September 16, 2012
If I use code like:

enum ulong VAR = 10;

I'd have expected this to be type checked when used as a ulong. Instead it seems to be checked based on its absolute value and is accepted for a function like:

void fun(int n) {
    // Do stuff
}

If the value of VAR is set to more than int.max then the compiler (DMD2 latest non-beta) notices the type mismatch. This would seem like an understandable enum behaviour if VAR was just enum rather than enum ulong but intuitively I'd have expected the specifier to limit what would accept the enum. Is this how it's supposed to work? As a beginner with D I came across the advice that enum was the correct way to specify global constants but this makes it feel safer to use const when you want type checking and perhaps enum isn't the right choice.
September 16, 2012
On Monday, September 17, 2012 01:03:46 ixid wrote:
> If I use code like:
> 
> enum ulong VAR = 10;
> 
> I'd have expected this to be type checked when used as a ulong. Instead it seems to be checked based on its absolute value and is accepted for a function like:
> 
> void fun(int n) {
>      // Do stuff
> }
> 
> If the value of VAR is set to more than int.max then the compiler (DMD2 latest non-beta) notices the type mismatch. This would seem like an understandable enum behaviour if VAR was just enum rather than enum ulong but intuitively I'd have expected the specifier to limit what would accept the enum. Is this how it's supposed to work? As a beginner with D I came across the advice that enum was the correct way to specify global constants but this makes it feel safer to use const when you want type checking and perhaps enum isn't the right choice.
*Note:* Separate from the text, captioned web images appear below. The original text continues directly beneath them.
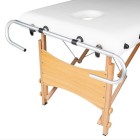 Massage table pad holder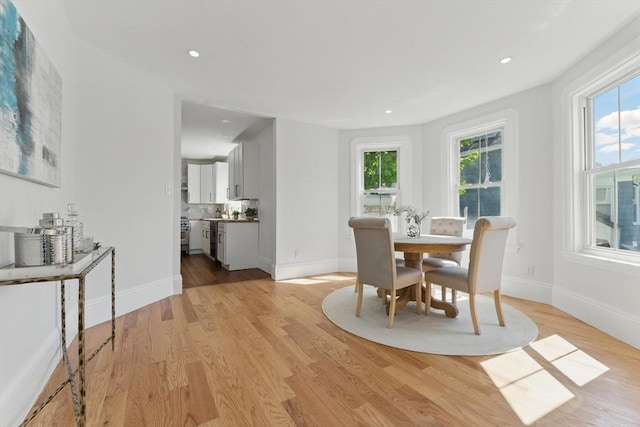 dining area featuring plenty of natural light, light wood-style flooring, baseboards, and recessed lighting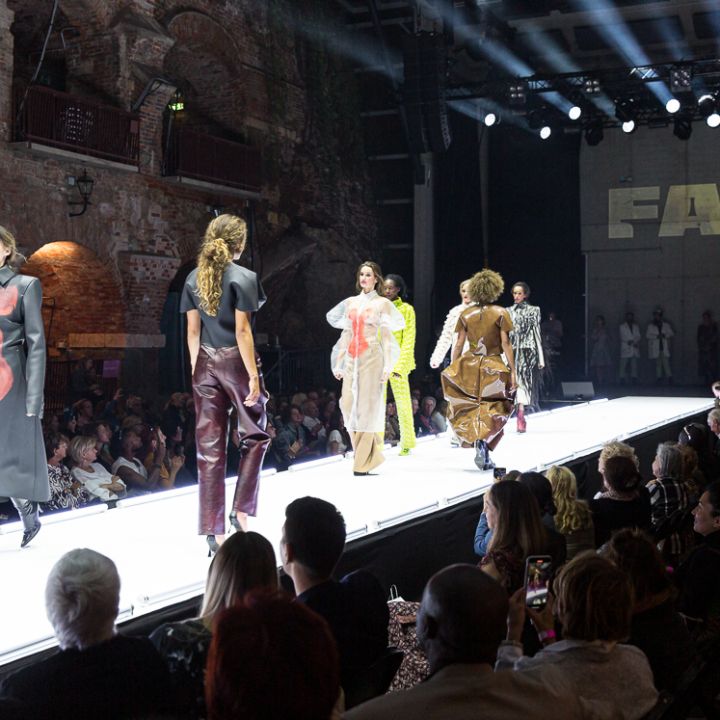 Lors d'un défilé de mode, des mannequins défilent sur le podium, présentant des créations colorées et artistiques. La salle est faiblement éclairée, avec des spectateurs assis de part et d'autre. Un grand panneau portant l'inscription "FALK" brille en arrière-plan.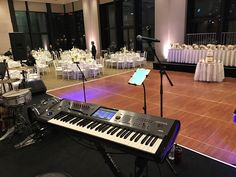 a large room with many tables and chairs set up for a wedding or other function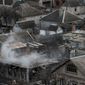 Smoke still rises from a destroyed house that was damaged in Saturday&#39;s shelling in the  Vostochniy district of Mariupol, Ukraine, Monday, Jan. 26, 2015. At least 5,100 people have been killed in eastern Ukraine since fighting began in April 2014, but violence this week was the most intense since a cease-fire deal was signed in September. Mariupol, a strategic port city on the Black Sea still controlled by Ukrainian forces, has been a symbolic bulwark against the separatist advance that if captured by the rebels would give them a land corridor to Russia-controlled Crimea. The city had been relatively quiet for months before Saturday&#39;s attack.(AP Photo/Evgeniy Maloletka)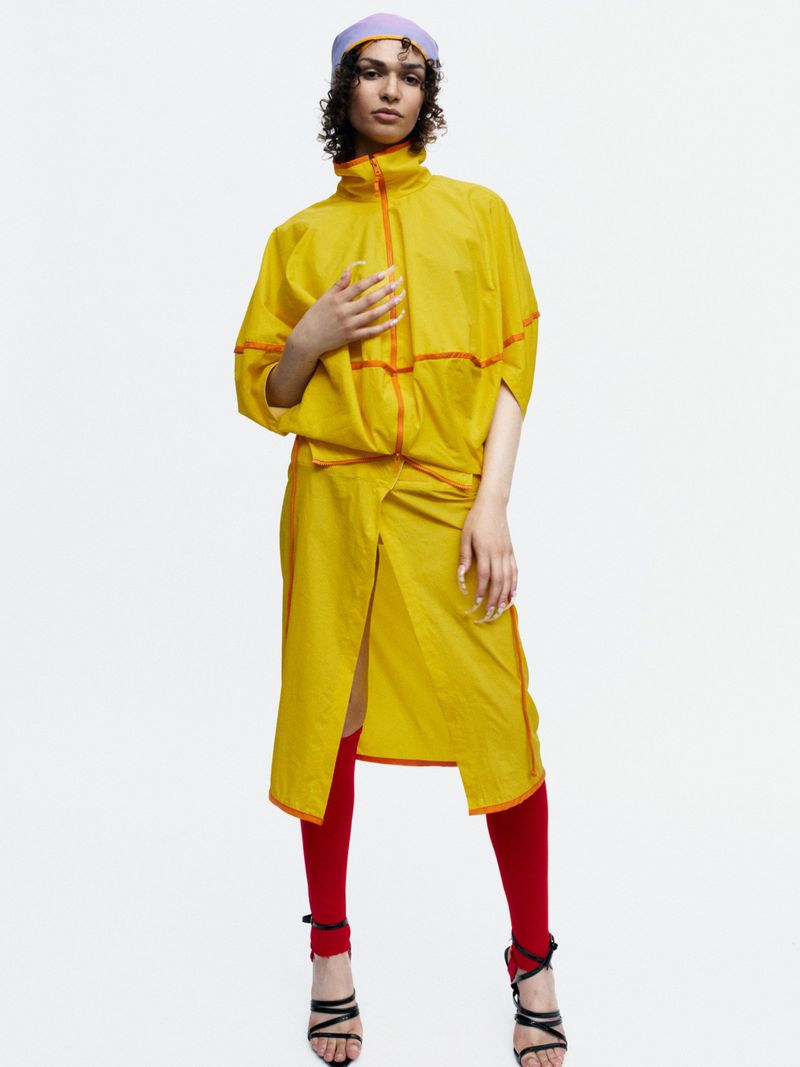 Bella Berghoef wearing a bright yellow nylon two-piece outfit and red knee socks against a white studio background.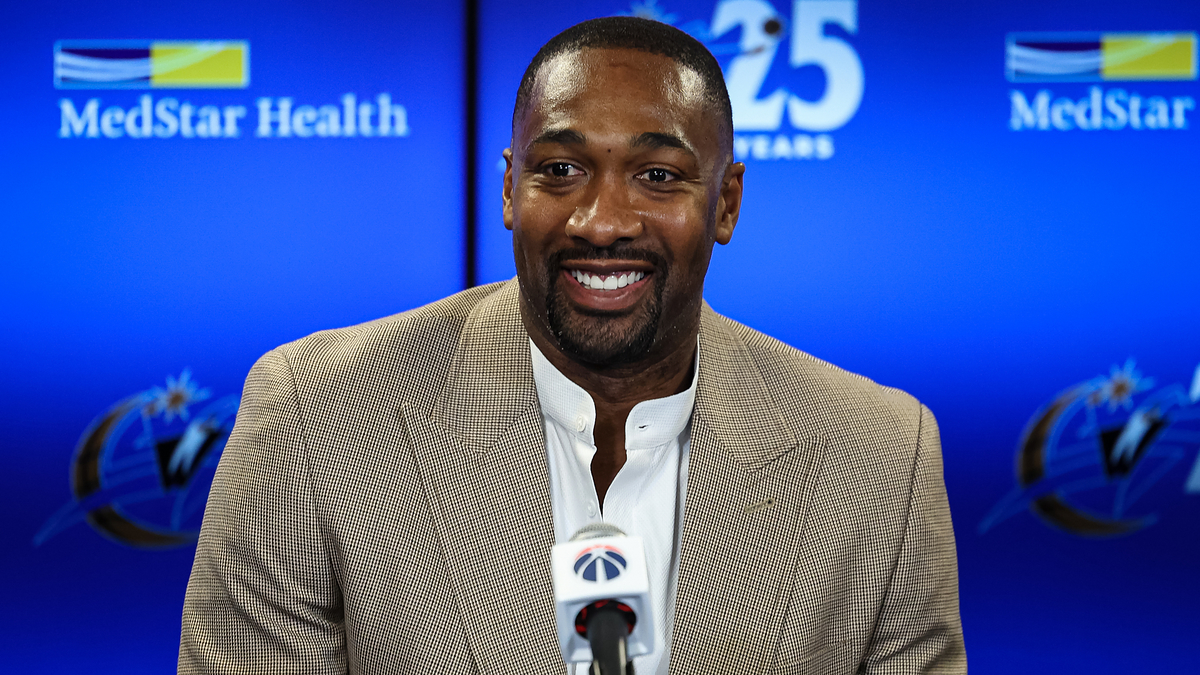 Gilbert Arenas smiles during a press conference with a MedStar Health banner and Washington Wizards logo in the background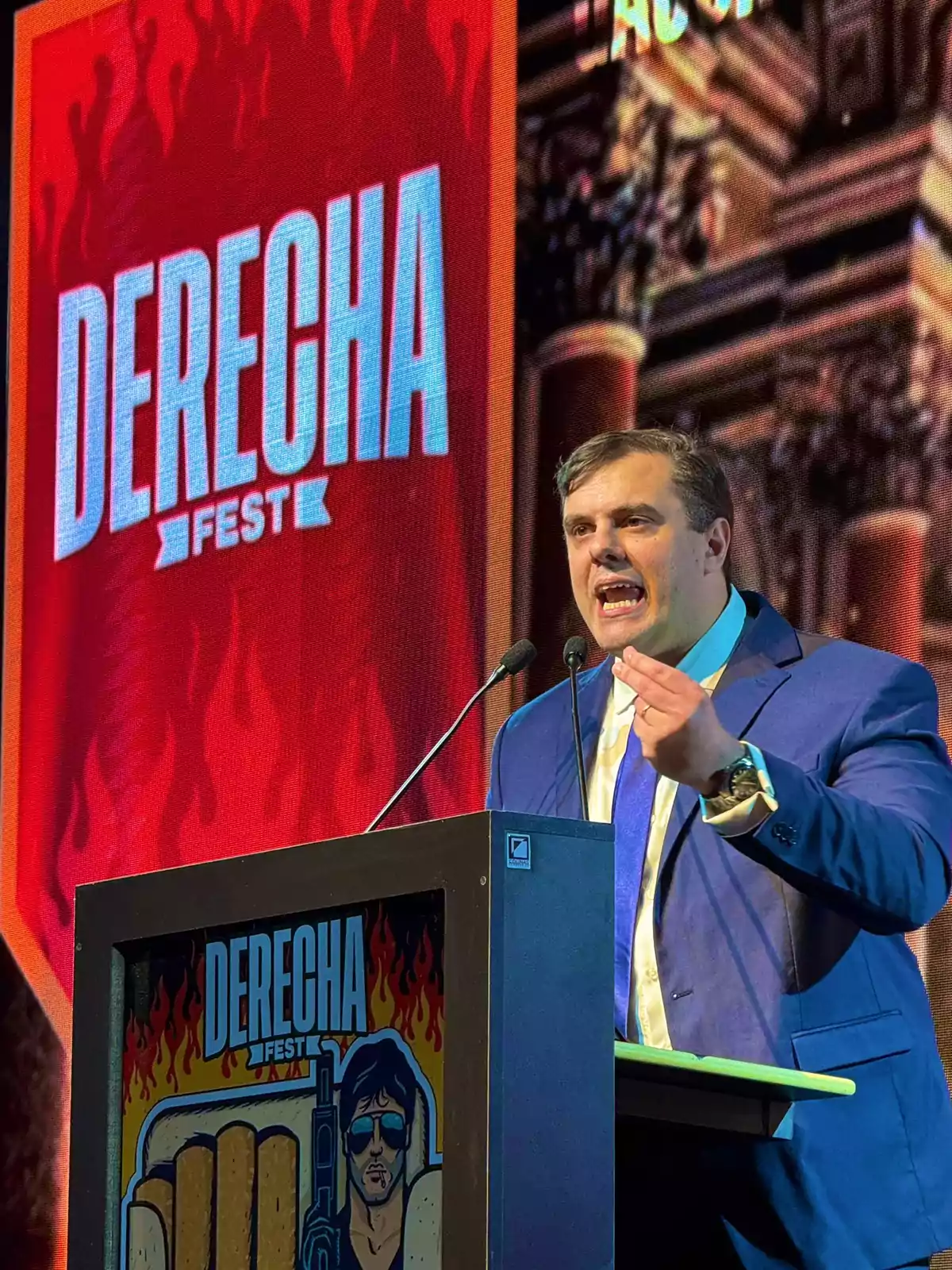 Man in a blue suit speaking at a podium during an event called Derecha Fest, with a red background and a large sign that says Derecha Fest Man in a blue suit speaking at a podium during an event called Derecha Fest, with a red background and a large sign that says Derecha Fest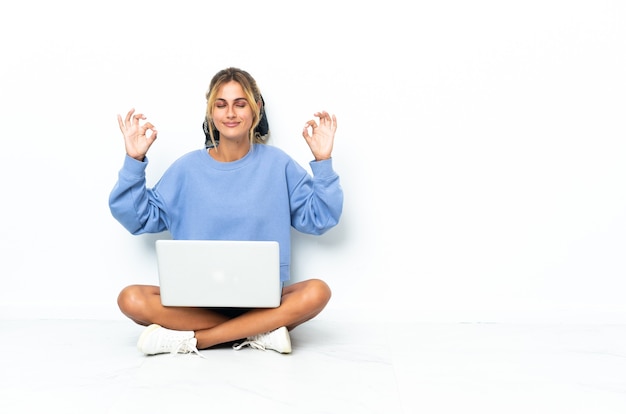 Jonge blonde vrouw met laptop geïsoleerd in zen pose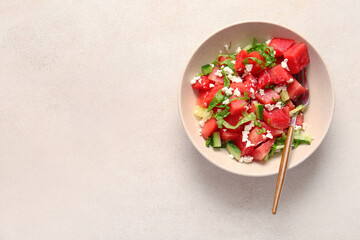 Wall Mural - Bowl of tasty watermelon salad on light background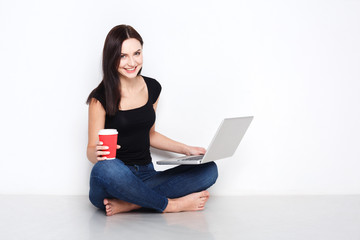Naklejka premium Woman using laptop sitting on the studio floor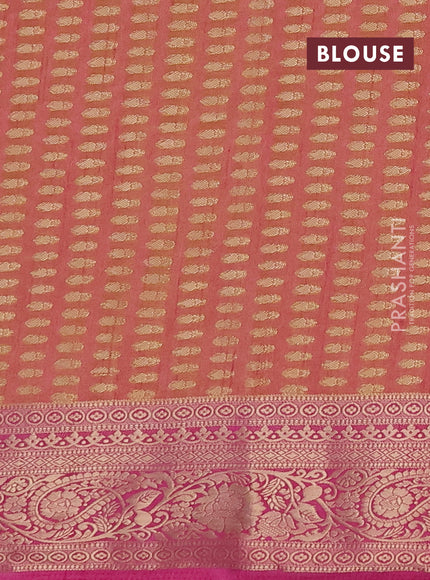 Semi raw silk saree dual tone yellowish pink and pink with zari woven buttas and zari woven border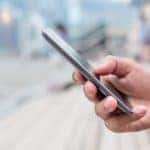 A close up of a hand holding a phone is shown in Columbus, Ohio.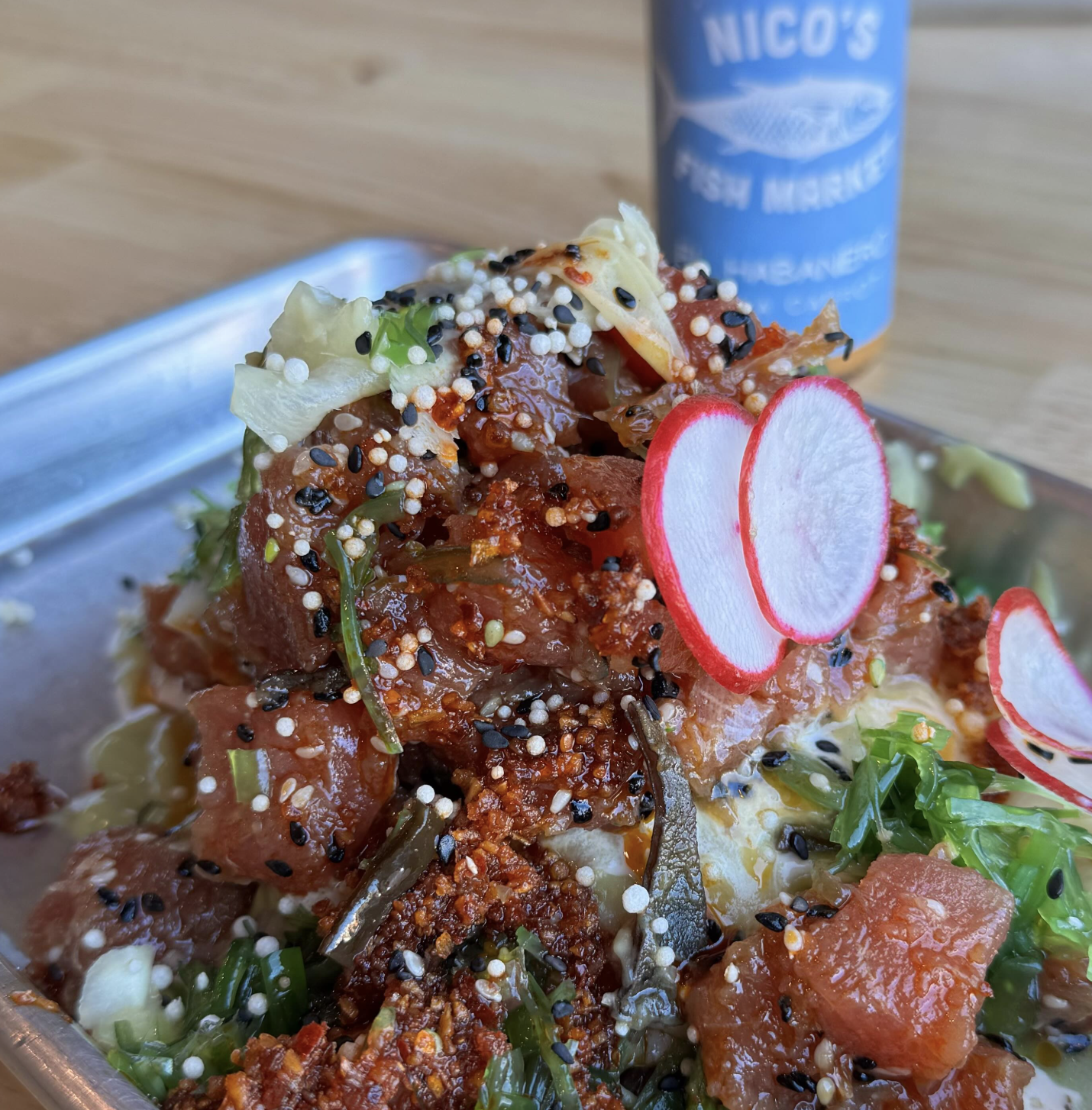Close-up of chopped raw fish with sliced radishes, seaweed, and sesame seeds on a metal tray, with a blue can in the background.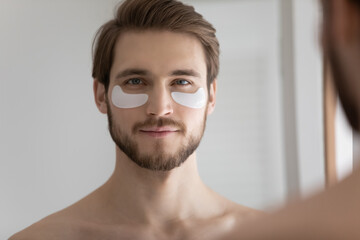 Head shot portrait mirror reflection close up handsome young man with hydrogel eye patches standing in bathroom at home, satisfied bearded guy with perfect skin enjoying skincare procedure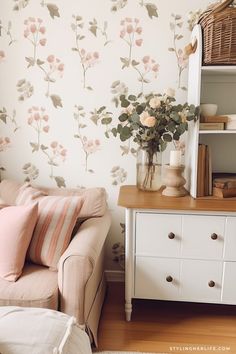 a living room with flowers on the wall and a white couch in front of it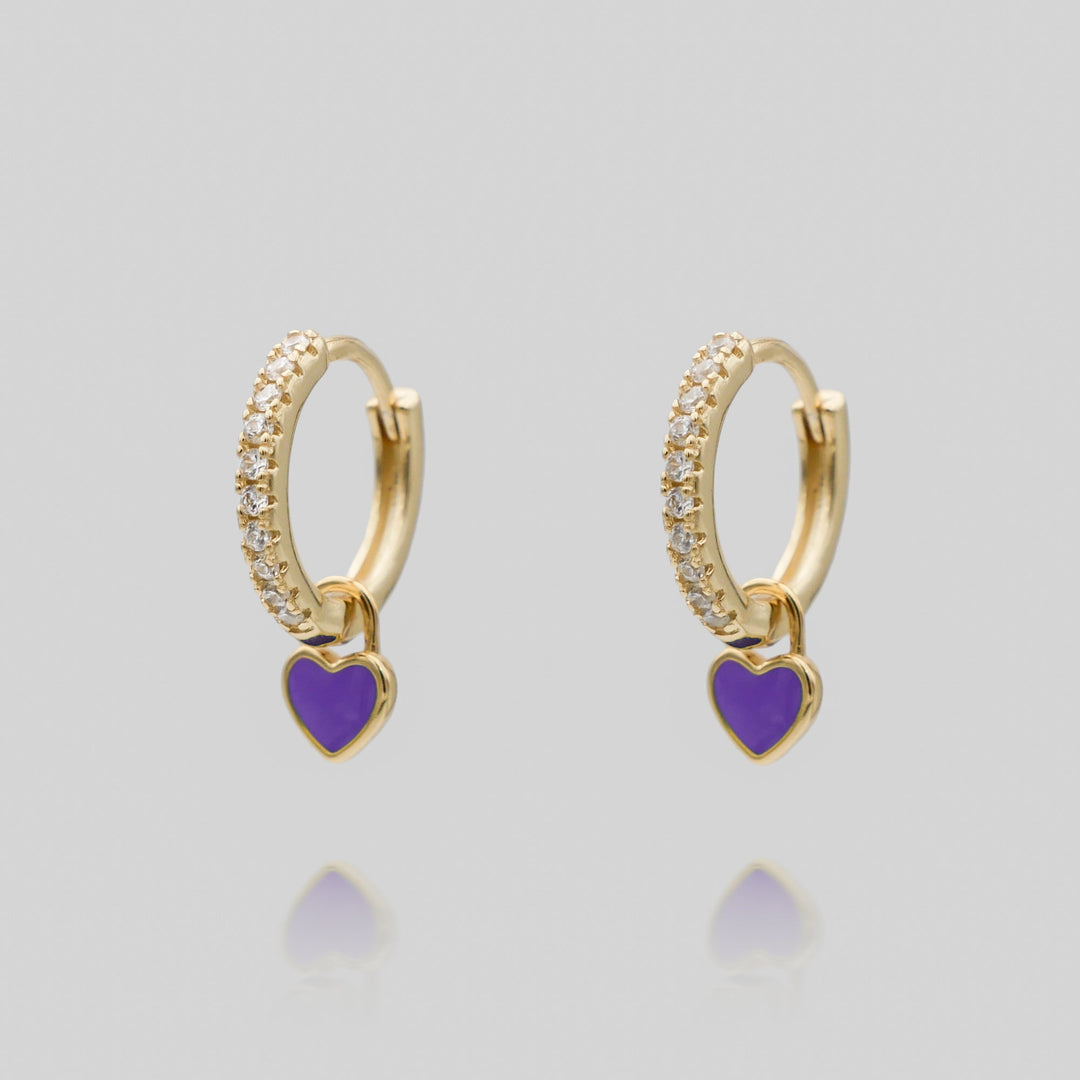 Fashionable gold plated dainty heart huggie hoop earrings, ideal for women.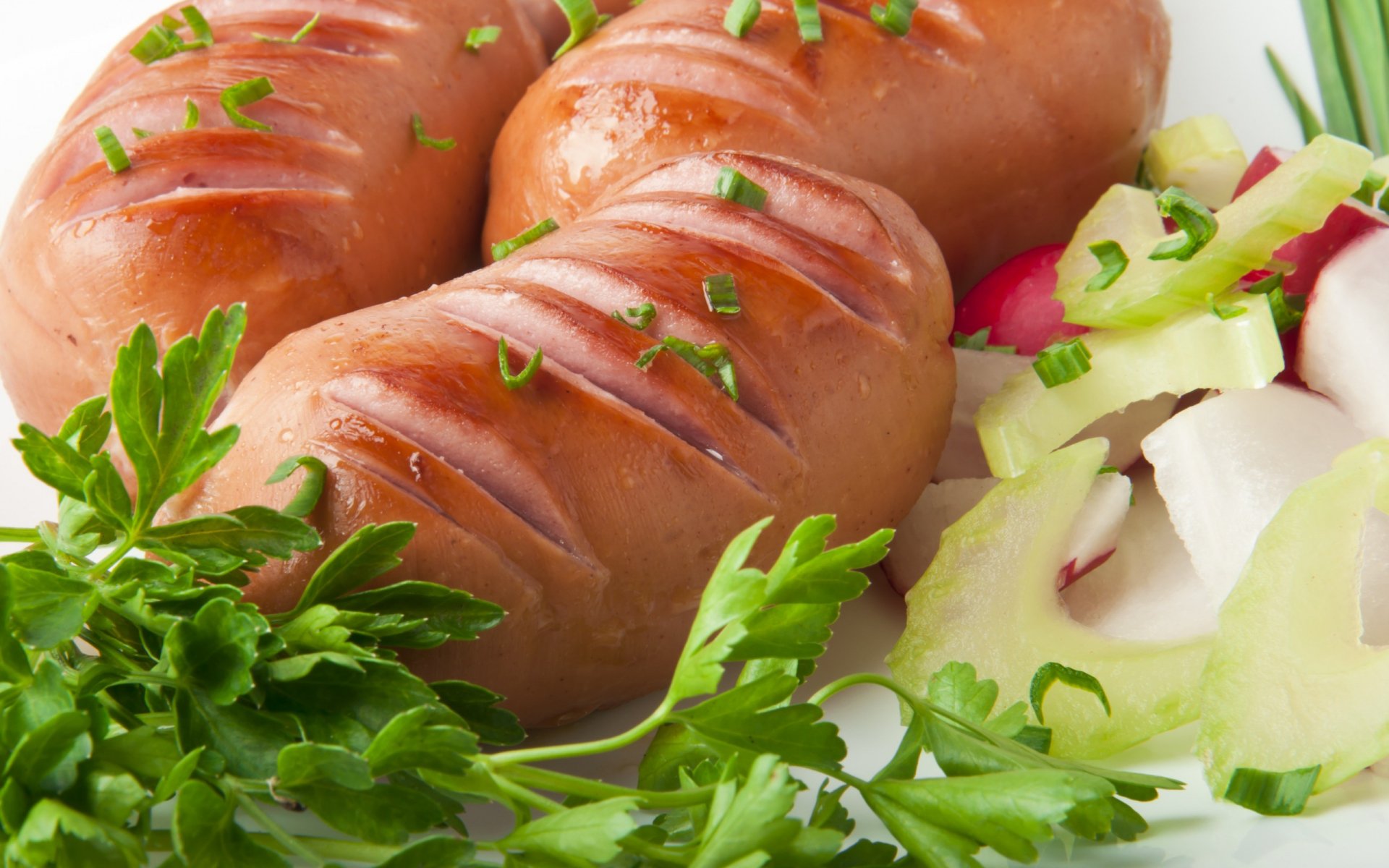 HD PC desktop wallpaper featuring close-up of grilled sausages garnished with fresh herbs and served alongside sliced vegetables.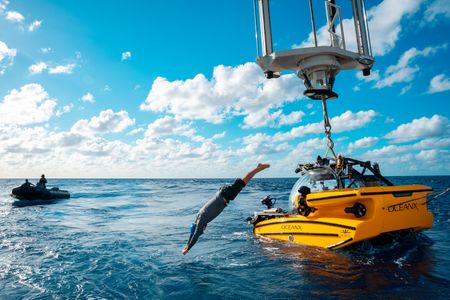 A crew member dives into the water after attaching the sub to the crane. (National Geographic/Patrick Hopkins)
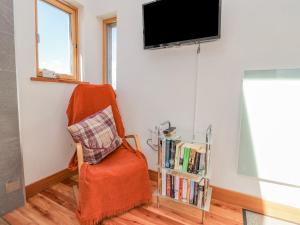 uma sala de estar com uma cadeira e uma televisão de ecrã plano em Easter Blervie em Forres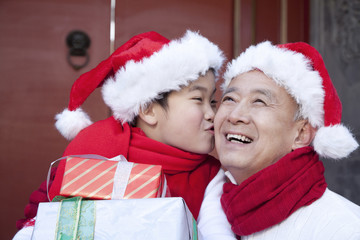 Grandpa and grandson holding Christmas Gifts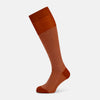 View 1 of product The Turnbull & Asser SOCKS LONG COTTON HOUNDSTOOTH ROSE is a single over-the-calf sock in rusty orange with a white houndstooth pattern and solid orange toe, heel, and cuff, shown on a plain white background.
That's how it works with integral values in general in D. If the compiler can determine that the integral value will fit in the type that you're trying to assign it to, then it'll let you do it. There's a term for this, but I forget what it is at the moment. It's a very deliberate feature decision which does vary from how it works in C/C++, and it shouldn't cause you any problems.

In most cases, of course, the compiler has no idea what the value of your variable is and will have to assume that it's larger than will fit if a narrowing conversion is required, but with an enum, it always knows what the value is. But I'd expect that you'd get the same behavior if you changed VAR to immutable or const, because it's value would still always be known.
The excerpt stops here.